When the process completes, as usual, we switch the traffic:
root@k8smaster:~/vitesstests# vtctlclient Reshard Progress newsbtest.reshard Copy Completed. Following vreplication streams are running for workflow newsbtest.reshard: id=1 on aa-/zone1-3262256522: Status: Running. VStream Lag: 0s. id=2 on aa-/zone1-3262256522: Status: Running. VStream Lag: 0s. id=3 on aa-/zone1-3262256522: Status: Running. VStream Lag: 0s. root@k8smaster:~/vitesstests# vtctlclient Reshard SwitchTraffic newsbtest.reshard . . . SwitchTraffic was successful for workflow newsbtest.reshard Start State: Reads Not Switched. Writes Not Switched Current State: All Reads Switched. Writes Switched
Then we can drain the unused tablets:
root@k8smaster:~/vitesstests# for vt in $(vtctlclient ListAllTablets | grep b29f90000000000 | awk '{print $1}') ; do pod="$(kubectl get pod | grep ${vt} | awk '{print $1}')" ; echo ${pod} ; kubectl annotate po
d ${pod} drain.planetscale.com/started="Cleanup of shard merge" ; done
example-vttablet-zone1-0778238830-282e9c13
pod/example-vttablet-zone1-0778238830-282e9c13 annotated
example-vttablet-zone1-1572740937-a6805ba1
pod/example-vttablet-zone1-1572740937-a6805ba1 annotated
example-vttablet-zone1-2150384904-7dbc6918
pod/example-vttablet-zone1-2150384904-7dbc6918 annotated
example-vttablet-zone1-2214114162-a3c19b79
pod/example-vttablet-zone1-2214114162-a3c19b79 annotated
example-vttablet-zone1-3429635106-554af44a
pod/example-vttablet-zone1-3429635106-554af44a annotated
example-vttablet-zone1-3839184014-2e383f9b
pod/example-vttablet-zone1-3839184014-2e383f9b annotated
Finally, we can apply 111_cleanup_after_merge.yaml and, if needed, bounce vttablet containers to clean up unneeded pods.
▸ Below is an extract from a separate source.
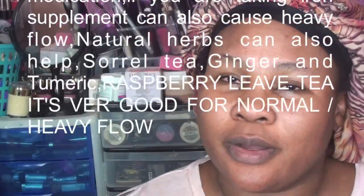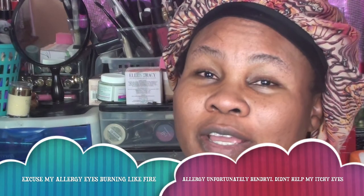Hi everyone, welcome back to my channel. If you're new, don't forget to like and subscribe. Today I'm going to be talking about a tea that can help when you have a heavy flow menstrual period. There are two recipes I'm going to be sharing in this video. This is the second part — in my other video I talked about how to ease menstrual cramps and low iron, so check that out.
In our case, this time, it was not needed:
root@k8smaster:~/vitesstests# kubectl get pod NAME READY STATUS RESTARTS AGE pod/example-etcd-faf13de3-1 1/1 Running 0 19d pod/example-etcd-faf13de3-2 1/1 Running 0 19d pod/example-etcd-faf13de3-3 1/1 Running 0 19d pod/example-vttablet-zone1-0349226440-35dab1bc 3/3 Running 227 10d pod/example-vttablet-zone1-0778238830-282e9c13 3/3 Terminating 1 5d6h pod/example-vttablet-zone1-1463074389-a4c6b61f 3/3 Running 1 2d22h pod/example-vttablet-zone1-1504968304-96f9a1bf 3/3 Running 1 10d pod/example-vttablet-zone1-1572740937-a6805ba1 3/3 Terminating 1 5d6h pod/example-vttablet-zone1-1676955594-dc39347b 3/3 Running 1 10d pod/example-vttablet-zone1-2150384904-7dbc6918 3/3 Terminating 1 5d6h pod/example-vttablet-zone1-2179083526-f3060bc1 3/3 Running 1 18d pod/example-vttablet-zone1-2214114162-a3c19b79 3/3 Terminating 1 5d6h pod/example-vttablet-zone1-2344898534-e9abaf0e 3/3 Running 1 19d pod/example-vttablet-zone1-2646235096-9ba85582 3/3 Running 1 19d pod/example-vttablet-zone1-3262256522-ea0a10a7 3/3 Running 1 2d22h pod/example-vttablet-zone1-3429635106-554af44a 3/3 Terminating 1 5d6h pod/example-vttablet-zone1-3839184014-2e383f9b 3/3 Terminating 1 5d6h pod/example-vttablet-zone1-4162850680-b78f527c 3/3 Running 227 10d pod/example-zone1-vtctld-1d4dcad0-64668cccc8-swmj4 1/1 Running 1 19d pod/example-zone1-vtgate-bc6cde92-8665cd4df-kwgcn 1/1 Running 1 19d pod/vitess-operator-f44545df8-l5kk9 1/1 Running 0 19d
Everything terminated nicely and gracefully. The last step that we had to perform was to recycle used pv’s (remember, we are still working on the poor man’s Kubernetes cluster):
root@k8smaster:~/vitesstests# for pv in $(kubectl get pv | grep Failed | awk '{print $1}' | cut -d / -f 2) ; do echo ${pv} ; rm -rf /storage/${pv}/ ; done
pv1
pv14
pv15
pv16
pv3
pv5
As you can see the merge process, pretty much just like almost every other operation on the shards, is very straightforward and easy to perform on Kubernetes in Vitess cluster deployed using the operator. If ease of scalability is something that you are after then Vitess is definitely something you should consider.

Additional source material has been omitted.